Data Handling with Pandas

While the numpy library provides strong numerical operations for multidimensional arrays, pandas focuses on data analysis. It is a collection of powerful tools for importing, rearranging, analyzing, and exporting tabular data sets.

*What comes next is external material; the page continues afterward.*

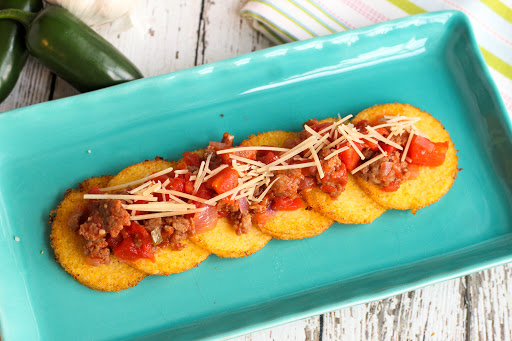 A platter of Nelda's Fried Polenta With Tomato and Sausage Sauce.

pandas documentation: "pandas is a Python package providing fast, flexible, and expressive data structures designed to make working with “relational” or “labeled” data both easy and intuitive. It aims to be the fundamental high-level building block for doing practical, real world data analysis in Python. Additionally, it has the broader goal of becoming the most powerful and flexible open source data analysis/manipulation tool available in any language. It is already well on its way toward this goal.“

Pandas uses the core functionality of numpy to handle its prominent data structure called the DataFrame (an concept which originated in R). Pandas provides a wide range of functions for data analysis like importing and exporting, viewing, selection, indexing, handling missing, statistical analyses, merging, grouping, reshaping, handling time series of data and much more. It also enables plotting via the matplotlib library.

Import of Pandas

It is common to use the abbreviation pd for pandas.

In [1]:
import numpy as np
import pandas as pd

pandas.DataFrame

The pandas.DataFrame is the central data structure of pandas. Data coming from for example Excel or other SQL(-like) structures can be easily converted to a pandas DataFrame. First, data is created manually to discuss the basic features.

In [2]:
# Construct DataFrame from lists or arrays
names = ['Jon','Tim','Tom','Jan','Sven']
ages = np.random.randint(20,30,5)
children = np.random.randint(0,3,5)

# Combine all lists
data = np.array([names,ages,children]).transpose()
part_data = np.array([ages,children]).transpose()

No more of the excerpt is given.